Intestinal worm eradication lowers viral load in HIV-positive patients
Eradication of intestinal worms in HIV-positive patients living in Ethiopia leads to a decrease in viral load, according to a report in the 1 September issue of the Journal of AIDS.
“Helminthic infection affects a huge number of people in the world, and plays a very important role in making them more susceptible to HIV and tuberculosis and less able to mount a proper immune response. Thus, eradication of helminths may change the face of the AIDS and tuberculosis epidemics,” said Dr Zvi Bentwich.

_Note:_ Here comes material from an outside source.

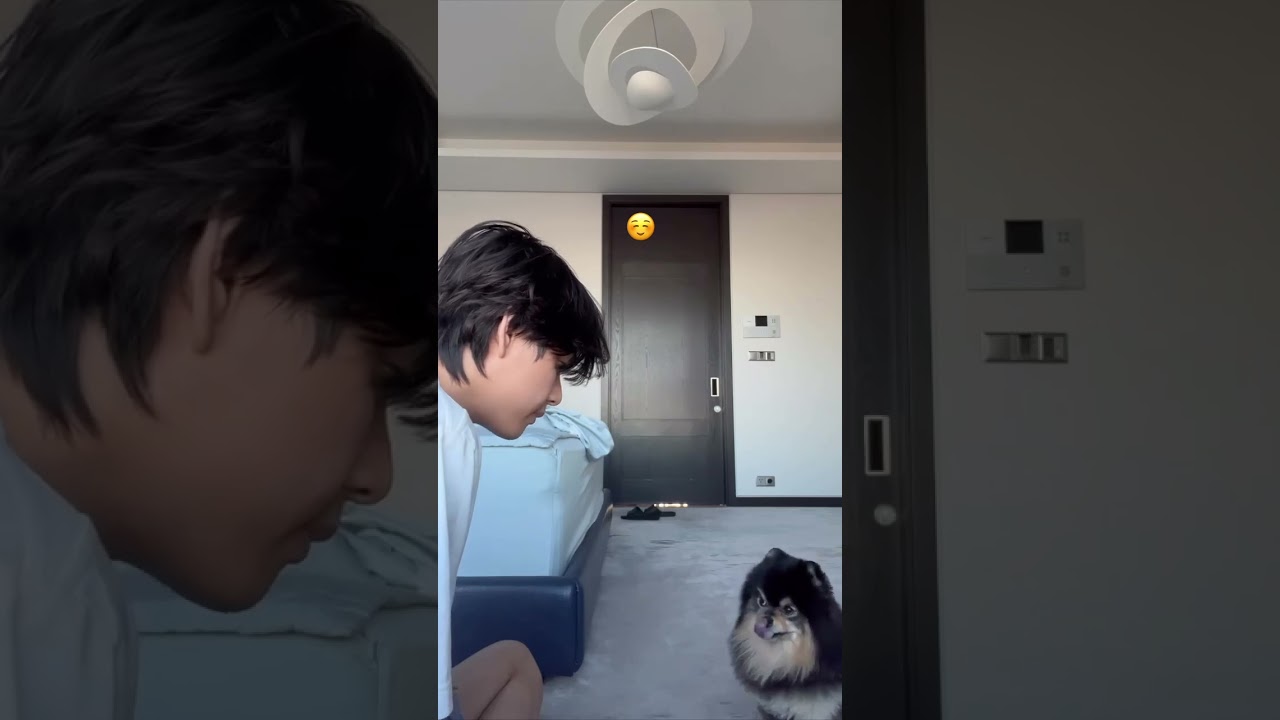 Daddy yeontan 😘 indirect kiss🧸😉 #kimtaehyungandyeontan #trending #taeyong #tae #yeontan #romantic#v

Dr Bentwich, from Hebrew University Hadassah Medical School in Rehovot, Israel, and colleagues investigated whether treatment of helminthic infections would affect HIV disease progression in 56 otherwise asymptomatic HIV-positive Ethiopian patients – for whom antiretroviral treatment is unavailable and in whom helminthic infections are common.
Among the 31 patients with helminthic infections at baseline, there was a strong association between the helminthic load (as measured by the amount of eggs excreted in stools) and the HIV plasma viral load, the authors report.

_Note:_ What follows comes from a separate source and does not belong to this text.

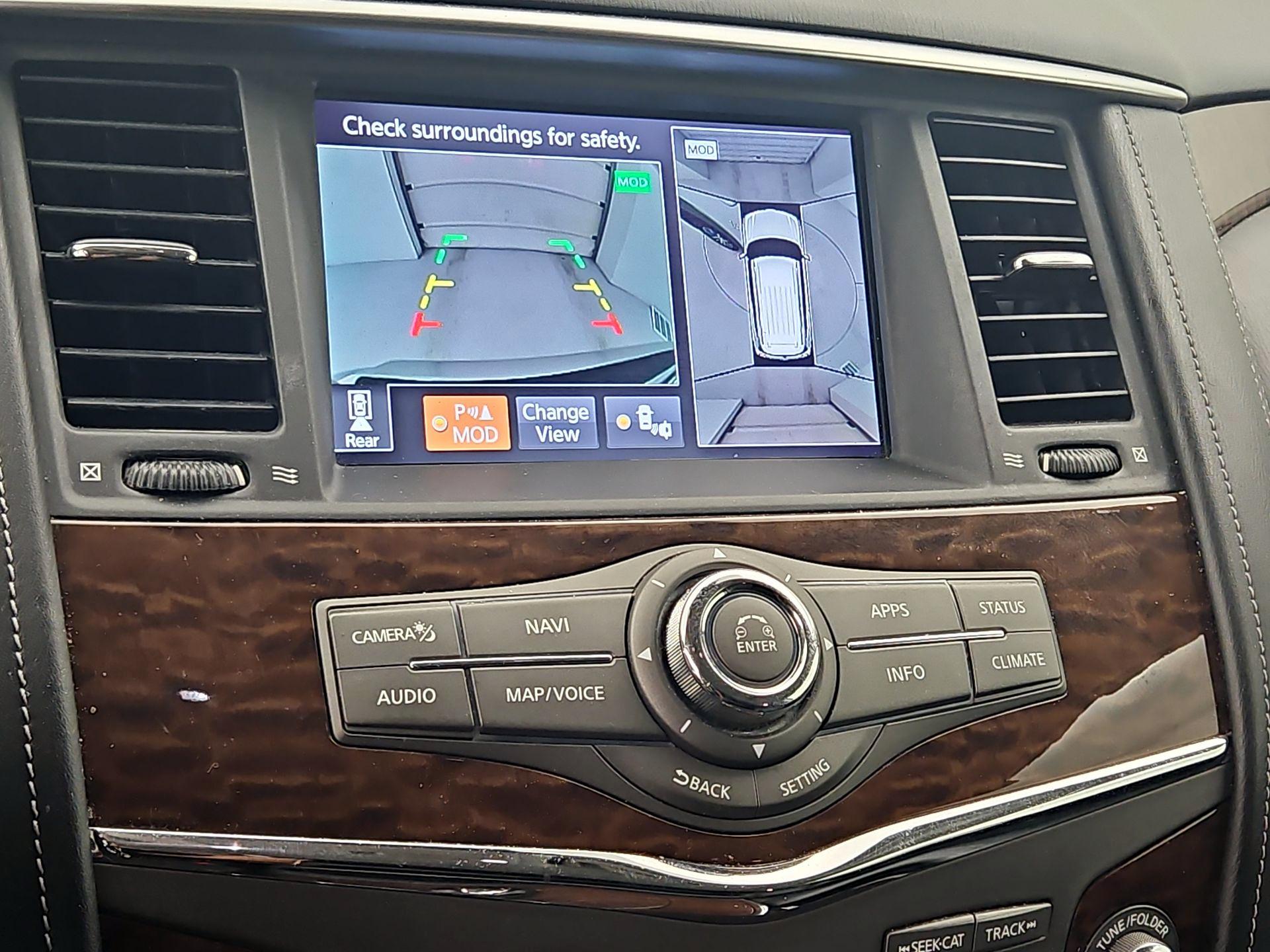 Thumbnail: 2020 Nissan Armada - 15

Antihelminthic treatment clearly reduced the proportion of helminth-infected patients and the helminthic load in patients infected at baseline. According to the report, the successful treatment of helminthic infection was associated with a significant decrease in HIV levels, while the group of patients whose helminthic infections were not eradicated experienced a significant increase in mean HIV load.
“The decrease in HIV viral load, even of 0.35 logs only, is expected to have a very significant impact on the spread of the epidemic in the developing countries,” Dr Bentwich commented.
CD4+ T-lymphocyte counts did not change significantly during the course of the six-month study, the results indicate.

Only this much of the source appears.